Projects & Studies
|Drainage Area||Watershed Population||Open Stream Miles||Primary Streams|
|25 Sq. Miles||9,694||36 Miles||Jackson Bayou|
The Jackson Bayou watershed is located in east Harris County, just east of Lake Houston, and serves the Crosby and Newport areas. The watershed covers about 25 square miles and flows into the San Jacinto River below Lake Houston via Jackson Bayou. There are about 36 miles of open streams within the watershed, including the primary stream and tributary channels. Gum Gully is the largest tributary in the watershed and drains about 17 square miles, which is close to 70% of the watershed. The estimated population within the watershed is just under 10,000.
Although erosion problems exist along most of the length of the Jackson Bayou and its tributaries, little or no regional planning has been done for Jackson Bayou due to the low incidence of structural flooding. Jackson Bayou is relatively deep with steep side slopes and the channel slope is relatively steep (for Harris County) which promotes rapid drainage of the watershed. Some flooding of a few structures has occurred in the last twenty years, although the mapped floodplain typically covers farmland and areas with scattered development. The floodplain in the lower portion of the watershed results from the San Jacinto River.
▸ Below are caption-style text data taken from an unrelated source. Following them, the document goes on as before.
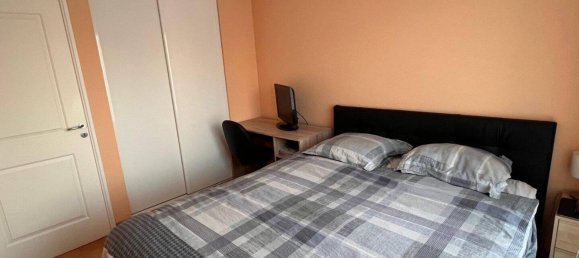 2 bedrooms Apartment in Courbevoie, France No. 334294 5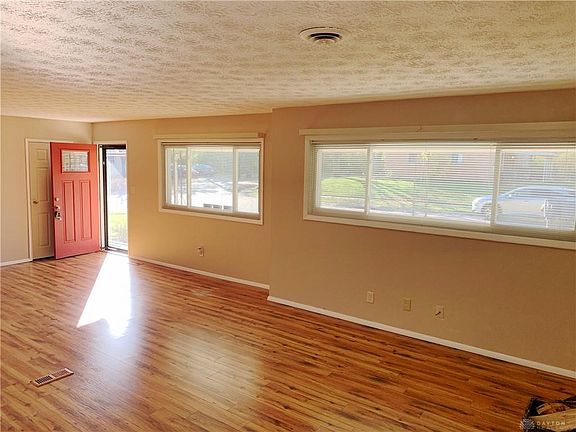 5th image of 451 Orchard Hill Dr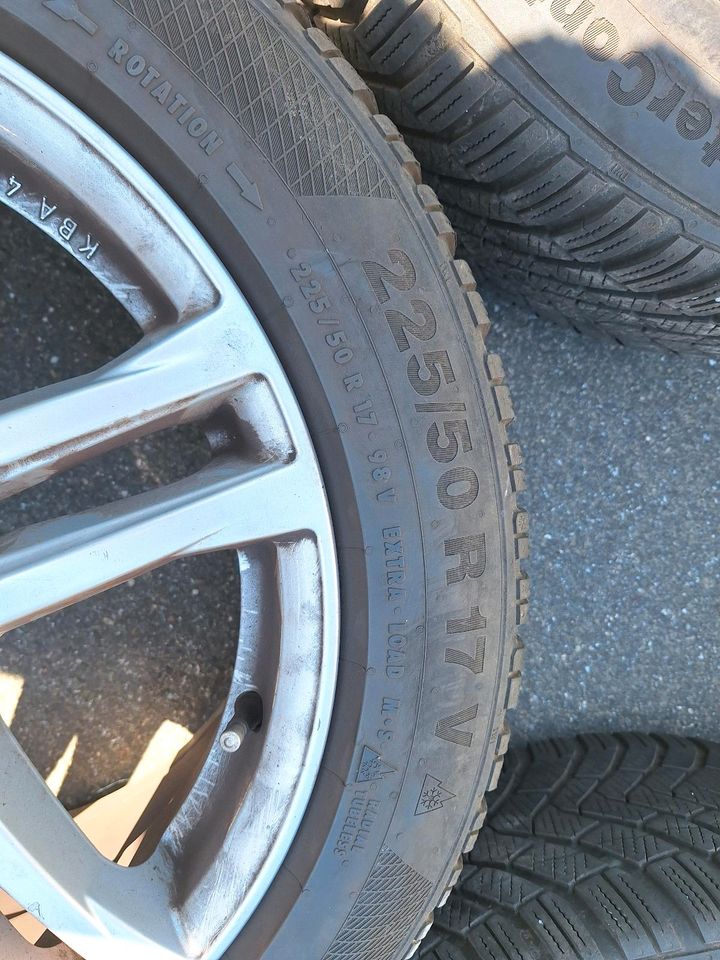 17 Zoll Alufelgen mit alten Reifen in Simmerath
Development is concentrated in the Newport and Crosby area, but most of the watershed is relatively undeveloped and hosts either natural habitat or agricultural activity. Relatively slow growth is expected in the watershed.
Large portions of the watershed are still forested and have not been farmed or developed. Natural wildlife habitats through the undeveloped reaches of the bayou are of high quality and increase the environmental sensitivity of the entire watershed.